**Your assignment**
Range to output from the entries below: the line containing "火箭对公牛视频集锦今日" through the line containing "Pensamento do dia". Set it down exactly, ends included, nothing else.
*** Opening of Provided data ***
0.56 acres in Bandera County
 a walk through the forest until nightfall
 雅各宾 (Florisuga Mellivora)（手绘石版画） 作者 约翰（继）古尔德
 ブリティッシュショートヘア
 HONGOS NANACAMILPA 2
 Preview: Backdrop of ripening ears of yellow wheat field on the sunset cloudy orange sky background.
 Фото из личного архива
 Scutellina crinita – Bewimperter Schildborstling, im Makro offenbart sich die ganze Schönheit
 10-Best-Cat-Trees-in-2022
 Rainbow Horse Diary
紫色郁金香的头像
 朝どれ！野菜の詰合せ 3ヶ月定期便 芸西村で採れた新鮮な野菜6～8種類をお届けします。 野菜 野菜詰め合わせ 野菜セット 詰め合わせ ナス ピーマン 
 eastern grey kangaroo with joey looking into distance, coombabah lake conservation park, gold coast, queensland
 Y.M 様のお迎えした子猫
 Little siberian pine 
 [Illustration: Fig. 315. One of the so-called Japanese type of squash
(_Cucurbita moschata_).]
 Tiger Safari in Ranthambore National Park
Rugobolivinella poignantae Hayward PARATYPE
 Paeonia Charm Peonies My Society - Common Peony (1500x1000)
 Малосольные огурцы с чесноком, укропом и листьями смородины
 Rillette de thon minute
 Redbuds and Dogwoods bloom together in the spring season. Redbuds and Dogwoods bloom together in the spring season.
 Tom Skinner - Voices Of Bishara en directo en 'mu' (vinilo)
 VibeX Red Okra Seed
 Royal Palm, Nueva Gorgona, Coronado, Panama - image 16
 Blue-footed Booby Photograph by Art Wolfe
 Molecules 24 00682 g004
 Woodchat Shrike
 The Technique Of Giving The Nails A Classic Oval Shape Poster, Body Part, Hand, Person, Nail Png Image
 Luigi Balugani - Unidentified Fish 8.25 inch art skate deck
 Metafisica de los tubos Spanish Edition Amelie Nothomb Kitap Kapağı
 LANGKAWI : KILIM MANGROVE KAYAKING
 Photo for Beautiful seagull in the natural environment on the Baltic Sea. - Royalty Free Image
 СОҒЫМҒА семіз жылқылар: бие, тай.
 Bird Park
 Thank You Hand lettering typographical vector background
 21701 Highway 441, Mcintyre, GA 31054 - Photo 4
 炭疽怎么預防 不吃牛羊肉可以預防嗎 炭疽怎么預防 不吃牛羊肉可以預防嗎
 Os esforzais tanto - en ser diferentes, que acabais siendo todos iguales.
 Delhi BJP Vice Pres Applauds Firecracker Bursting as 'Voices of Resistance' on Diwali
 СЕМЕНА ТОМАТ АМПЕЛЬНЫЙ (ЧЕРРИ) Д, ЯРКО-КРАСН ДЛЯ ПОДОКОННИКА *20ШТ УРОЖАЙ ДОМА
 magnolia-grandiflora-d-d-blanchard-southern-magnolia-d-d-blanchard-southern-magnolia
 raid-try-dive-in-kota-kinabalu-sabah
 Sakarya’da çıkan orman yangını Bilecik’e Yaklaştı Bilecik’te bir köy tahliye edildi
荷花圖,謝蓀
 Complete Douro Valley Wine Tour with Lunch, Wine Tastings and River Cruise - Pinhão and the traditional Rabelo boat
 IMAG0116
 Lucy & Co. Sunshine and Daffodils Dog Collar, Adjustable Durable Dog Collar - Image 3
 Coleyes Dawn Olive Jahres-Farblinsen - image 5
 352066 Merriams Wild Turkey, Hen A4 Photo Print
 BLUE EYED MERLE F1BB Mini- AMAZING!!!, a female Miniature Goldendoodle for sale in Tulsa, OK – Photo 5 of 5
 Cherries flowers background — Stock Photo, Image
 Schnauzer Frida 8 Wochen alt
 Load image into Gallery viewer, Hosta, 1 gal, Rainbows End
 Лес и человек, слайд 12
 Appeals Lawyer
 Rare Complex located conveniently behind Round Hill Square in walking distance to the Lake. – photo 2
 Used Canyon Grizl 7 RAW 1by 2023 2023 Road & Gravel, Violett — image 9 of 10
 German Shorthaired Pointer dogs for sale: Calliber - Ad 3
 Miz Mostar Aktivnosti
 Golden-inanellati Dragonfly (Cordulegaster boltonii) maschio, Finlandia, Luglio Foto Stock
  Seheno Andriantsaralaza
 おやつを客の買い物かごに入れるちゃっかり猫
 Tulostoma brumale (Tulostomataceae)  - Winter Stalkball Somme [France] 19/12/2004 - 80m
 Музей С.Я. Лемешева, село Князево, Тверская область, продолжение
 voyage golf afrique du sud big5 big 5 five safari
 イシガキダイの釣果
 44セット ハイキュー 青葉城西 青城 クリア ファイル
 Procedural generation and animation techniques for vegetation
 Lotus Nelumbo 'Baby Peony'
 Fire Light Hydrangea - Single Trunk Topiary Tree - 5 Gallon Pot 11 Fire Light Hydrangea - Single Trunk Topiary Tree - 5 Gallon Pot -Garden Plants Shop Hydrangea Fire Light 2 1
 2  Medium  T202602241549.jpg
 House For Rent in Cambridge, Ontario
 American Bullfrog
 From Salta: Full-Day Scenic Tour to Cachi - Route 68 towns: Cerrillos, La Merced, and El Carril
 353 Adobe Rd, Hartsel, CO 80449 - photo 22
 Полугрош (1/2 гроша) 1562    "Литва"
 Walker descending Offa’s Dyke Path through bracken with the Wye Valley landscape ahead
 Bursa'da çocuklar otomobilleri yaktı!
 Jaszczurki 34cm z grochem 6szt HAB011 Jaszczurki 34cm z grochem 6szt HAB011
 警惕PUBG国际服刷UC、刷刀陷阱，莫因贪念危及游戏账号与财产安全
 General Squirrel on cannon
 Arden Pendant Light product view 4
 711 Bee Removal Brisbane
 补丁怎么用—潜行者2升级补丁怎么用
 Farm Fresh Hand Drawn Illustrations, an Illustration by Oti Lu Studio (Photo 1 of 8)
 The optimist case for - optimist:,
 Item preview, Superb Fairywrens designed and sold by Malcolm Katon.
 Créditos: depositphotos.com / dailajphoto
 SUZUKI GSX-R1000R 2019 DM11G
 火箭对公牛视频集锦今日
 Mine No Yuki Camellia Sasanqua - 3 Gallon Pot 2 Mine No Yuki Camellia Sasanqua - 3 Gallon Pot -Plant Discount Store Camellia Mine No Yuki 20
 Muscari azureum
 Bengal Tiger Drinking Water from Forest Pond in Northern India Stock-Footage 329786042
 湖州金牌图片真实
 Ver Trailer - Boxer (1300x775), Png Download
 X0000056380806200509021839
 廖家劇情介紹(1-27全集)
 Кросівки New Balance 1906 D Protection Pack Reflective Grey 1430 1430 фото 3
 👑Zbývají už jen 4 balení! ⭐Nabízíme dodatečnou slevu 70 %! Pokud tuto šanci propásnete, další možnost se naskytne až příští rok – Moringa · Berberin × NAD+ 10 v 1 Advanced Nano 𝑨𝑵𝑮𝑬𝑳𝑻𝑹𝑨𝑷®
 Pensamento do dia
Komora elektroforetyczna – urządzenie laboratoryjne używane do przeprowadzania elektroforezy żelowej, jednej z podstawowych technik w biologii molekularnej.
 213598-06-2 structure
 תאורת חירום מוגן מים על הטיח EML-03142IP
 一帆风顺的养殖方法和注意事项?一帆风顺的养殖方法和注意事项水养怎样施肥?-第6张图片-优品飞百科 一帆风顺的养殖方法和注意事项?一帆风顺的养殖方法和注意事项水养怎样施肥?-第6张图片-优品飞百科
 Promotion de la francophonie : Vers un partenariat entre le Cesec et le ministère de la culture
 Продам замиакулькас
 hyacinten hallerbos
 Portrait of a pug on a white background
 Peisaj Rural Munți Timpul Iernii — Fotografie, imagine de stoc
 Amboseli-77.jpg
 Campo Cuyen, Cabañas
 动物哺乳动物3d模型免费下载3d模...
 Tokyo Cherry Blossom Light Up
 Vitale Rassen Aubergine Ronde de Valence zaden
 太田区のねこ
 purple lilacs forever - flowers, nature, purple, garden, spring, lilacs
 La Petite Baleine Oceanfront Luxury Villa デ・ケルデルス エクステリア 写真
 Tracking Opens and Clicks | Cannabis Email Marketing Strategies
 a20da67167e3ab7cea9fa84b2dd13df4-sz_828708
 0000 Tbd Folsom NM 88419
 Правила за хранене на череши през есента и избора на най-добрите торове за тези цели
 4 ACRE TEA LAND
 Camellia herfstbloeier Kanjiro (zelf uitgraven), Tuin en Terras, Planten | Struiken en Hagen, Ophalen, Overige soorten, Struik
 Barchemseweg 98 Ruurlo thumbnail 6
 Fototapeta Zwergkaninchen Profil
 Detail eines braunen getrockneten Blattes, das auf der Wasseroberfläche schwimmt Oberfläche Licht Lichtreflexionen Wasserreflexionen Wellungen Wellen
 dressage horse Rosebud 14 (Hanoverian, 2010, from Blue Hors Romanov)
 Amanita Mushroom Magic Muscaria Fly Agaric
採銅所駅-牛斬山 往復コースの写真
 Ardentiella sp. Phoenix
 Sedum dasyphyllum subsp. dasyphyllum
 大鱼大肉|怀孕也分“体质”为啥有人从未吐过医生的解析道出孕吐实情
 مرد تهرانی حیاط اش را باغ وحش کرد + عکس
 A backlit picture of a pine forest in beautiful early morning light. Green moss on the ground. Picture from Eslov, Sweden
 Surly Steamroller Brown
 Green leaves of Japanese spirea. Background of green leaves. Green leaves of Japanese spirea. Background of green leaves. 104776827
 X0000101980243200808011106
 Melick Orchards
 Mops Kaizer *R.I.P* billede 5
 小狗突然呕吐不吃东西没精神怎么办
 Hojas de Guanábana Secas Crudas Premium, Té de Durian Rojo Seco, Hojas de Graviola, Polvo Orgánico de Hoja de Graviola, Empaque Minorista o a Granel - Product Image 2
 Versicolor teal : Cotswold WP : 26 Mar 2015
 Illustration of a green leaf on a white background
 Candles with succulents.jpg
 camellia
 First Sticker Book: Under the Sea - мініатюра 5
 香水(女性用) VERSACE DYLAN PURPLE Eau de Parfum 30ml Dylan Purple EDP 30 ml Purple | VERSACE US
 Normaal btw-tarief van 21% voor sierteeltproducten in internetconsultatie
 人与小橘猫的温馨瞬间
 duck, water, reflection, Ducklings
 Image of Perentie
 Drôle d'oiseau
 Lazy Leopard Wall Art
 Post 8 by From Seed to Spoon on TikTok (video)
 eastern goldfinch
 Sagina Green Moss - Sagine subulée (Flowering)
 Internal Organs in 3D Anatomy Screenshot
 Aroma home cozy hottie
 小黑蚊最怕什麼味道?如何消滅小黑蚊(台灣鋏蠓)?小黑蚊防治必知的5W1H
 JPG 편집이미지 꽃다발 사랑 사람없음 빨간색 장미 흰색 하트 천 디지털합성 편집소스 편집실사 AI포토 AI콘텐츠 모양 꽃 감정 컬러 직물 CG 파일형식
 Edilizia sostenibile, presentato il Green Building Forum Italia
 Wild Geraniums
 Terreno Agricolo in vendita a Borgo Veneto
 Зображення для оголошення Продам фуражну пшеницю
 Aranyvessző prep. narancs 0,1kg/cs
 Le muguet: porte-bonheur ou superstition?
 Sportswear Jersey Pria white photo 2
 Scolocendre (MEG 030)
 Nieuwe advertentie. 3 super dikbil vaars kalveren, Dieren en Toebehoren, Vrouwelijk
*** Close of Provided data ***
**Exercise result**
 火箭对公牛视频集锦今日
 Mine No Yuki Camellia Sasanqua - 3 Gallon Pot 2 Mine No Yuki Camellia Sasanqua - 3 Gallon Pot -Plant Discount Store Camellia Mine No Yuki 20
 Muscari azureum
 Bengal Tiger Drinking Water from Forest Pond in Northern India Stock-Footage 329786042
 湖州金牌图片真实
 Ver Trailer - Boxer (1300x775), Png Download
 X0000056380806200509021839
 廖家劇情介紹(1-27全集)
 Кросівки New Balance 1906 D Protection Pack Reflective Grey 1430 1430 фото 3
 👑Zbývají už jen 4 balení! ⭐Nabízíme dodatečnou slevu 70 %! Pokud tuto šanci propásnete, další možnost se naskytne až příští rok – Moringa · Berberin × NAD+ 10 v 1 Advanced Nano 𝑨𝑵𝑮𝑬𝑳𝑻𝑹𝑨𝑷®
 Pensamento do dia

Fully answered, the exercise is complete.